* _Entries provided_:
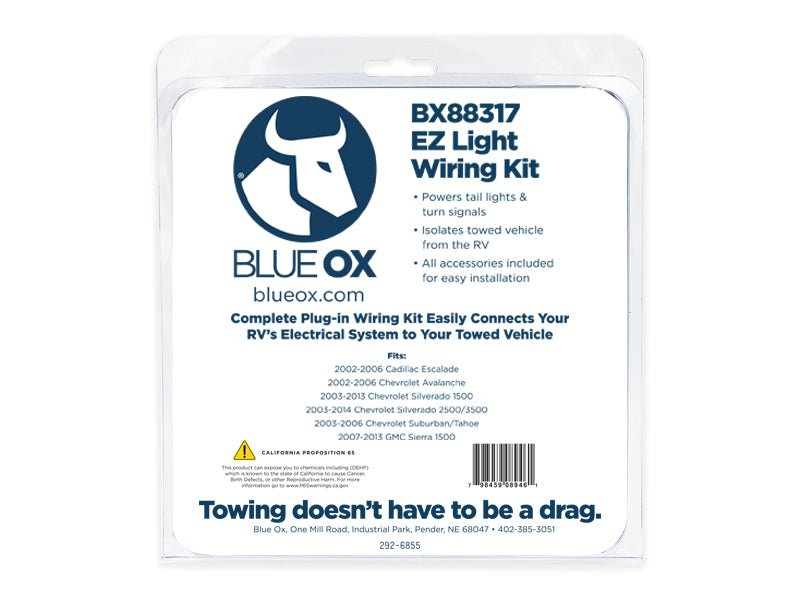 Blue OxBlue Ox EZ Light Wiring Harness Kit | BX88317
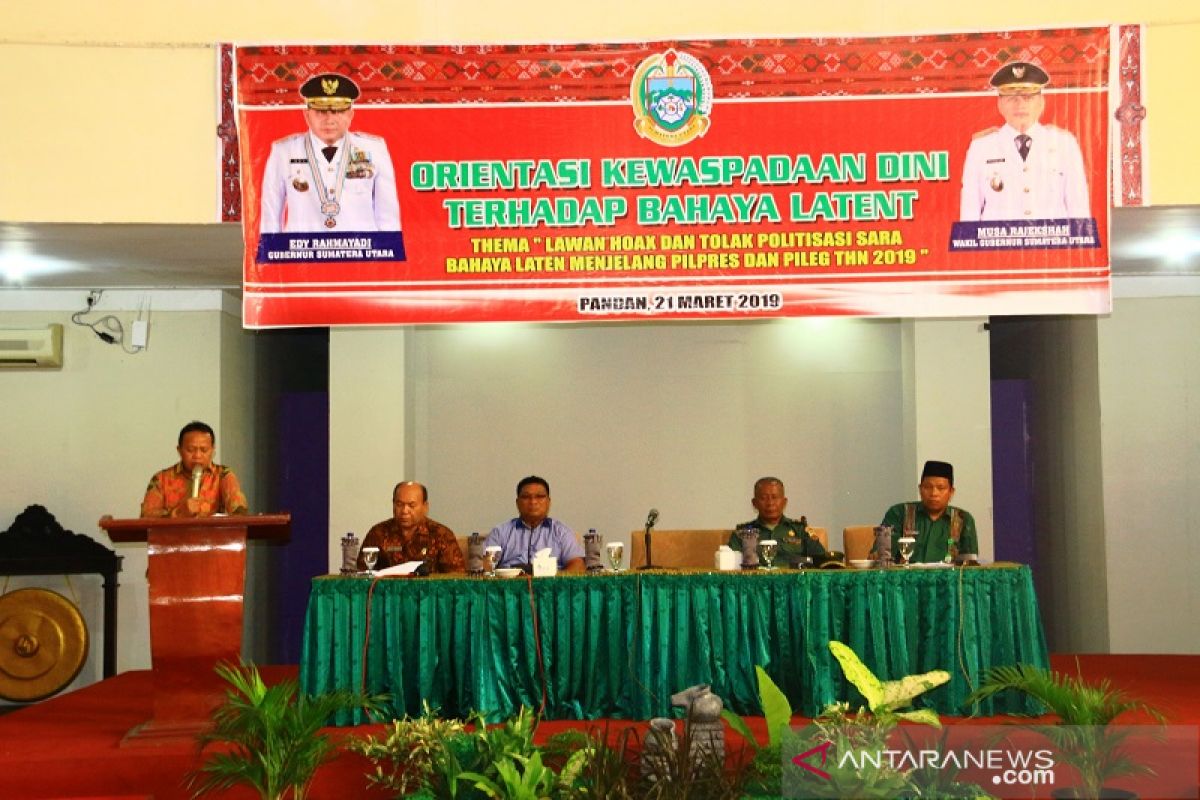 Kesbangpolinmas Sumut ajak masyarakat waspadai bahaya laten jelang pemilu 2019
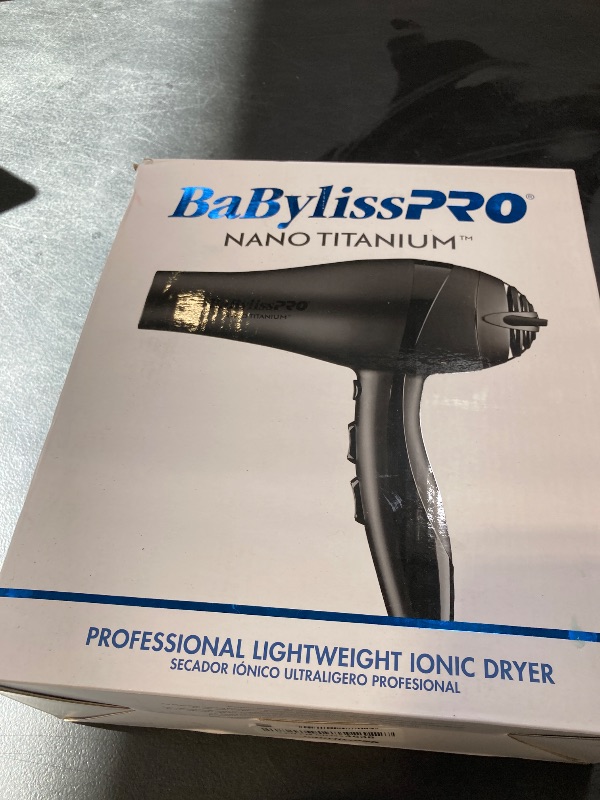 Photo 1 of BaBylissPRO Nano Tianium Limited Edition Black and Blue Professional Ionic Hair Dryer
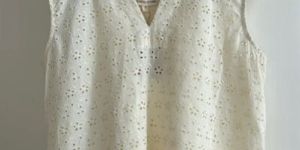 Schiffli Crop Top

--

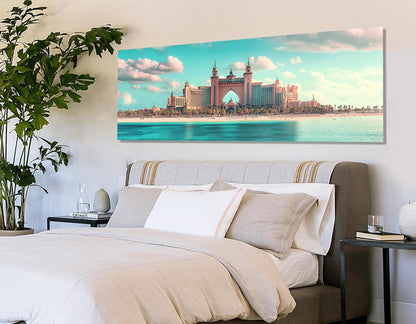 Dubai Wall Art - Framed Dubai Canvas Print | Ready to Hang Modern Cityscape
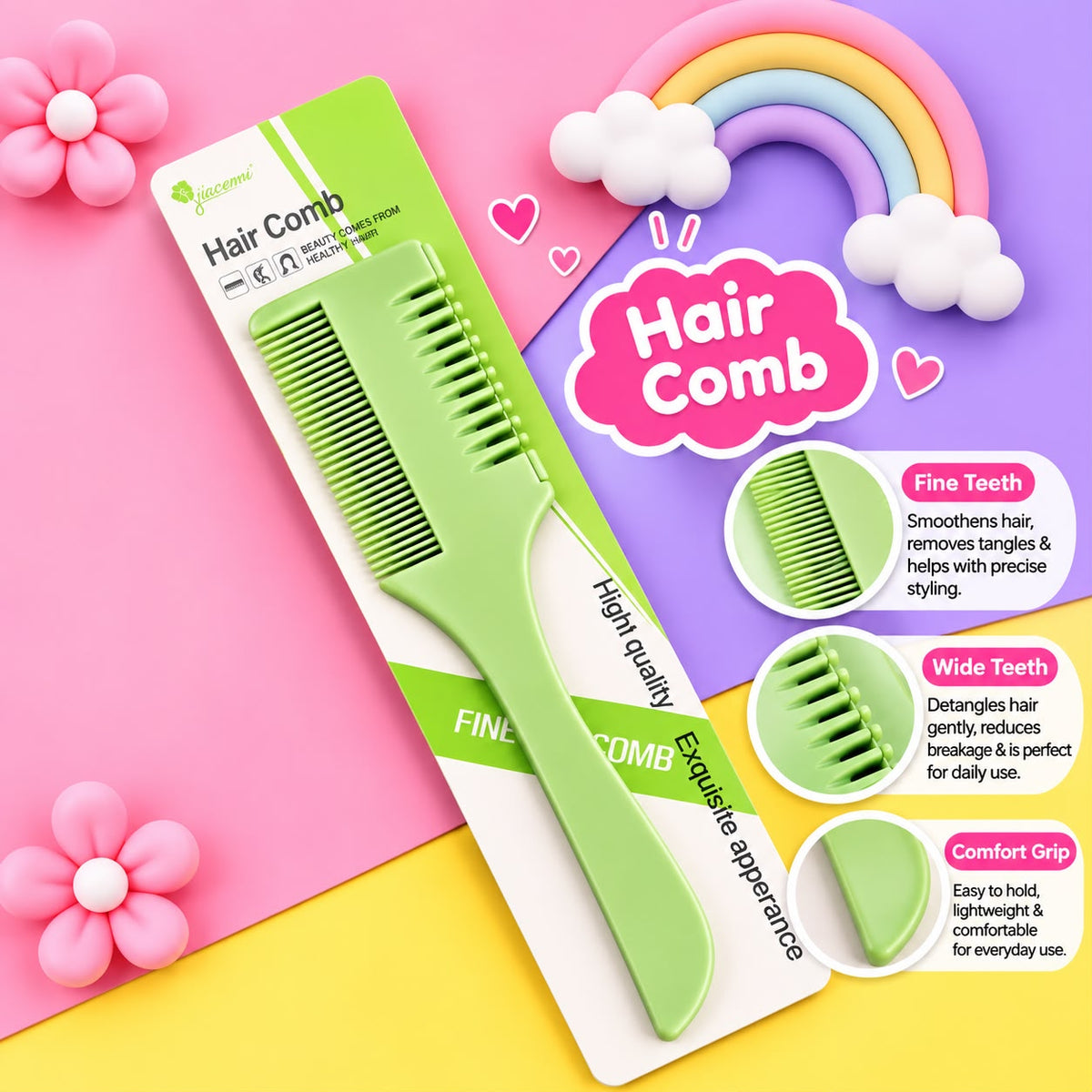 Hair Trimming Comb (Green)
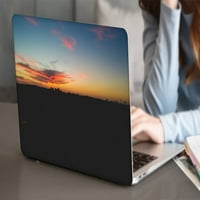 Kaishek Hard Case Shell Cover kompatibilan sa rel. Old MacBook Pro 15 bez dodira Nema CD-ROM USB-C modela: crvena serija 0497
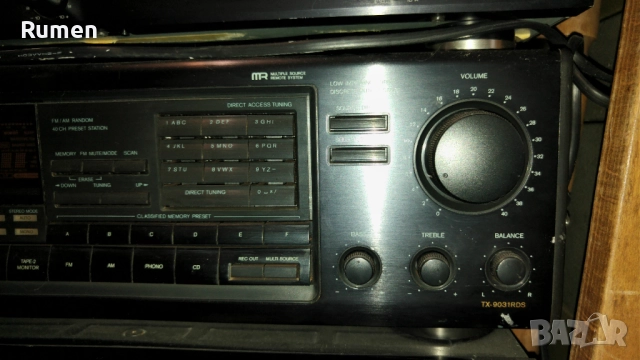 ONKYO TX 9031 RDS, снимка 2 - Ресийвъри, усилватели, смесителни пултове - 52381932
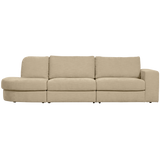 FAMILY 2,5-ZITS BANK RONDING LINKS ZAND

* _Work request_:
Given the listing above, repeat exactly the lines starting at the one with "Photo 1 of BaBylissPRO" and ending at the one with "Schiffli Crop Top", inclusive, excluding pictures.

* _Answer section_:
 Photo 1 of BaBylissPRO Nano Tianium Limited Edition Black and Blue Professional Ionic Hair Dryer
 Schiffli Crop Top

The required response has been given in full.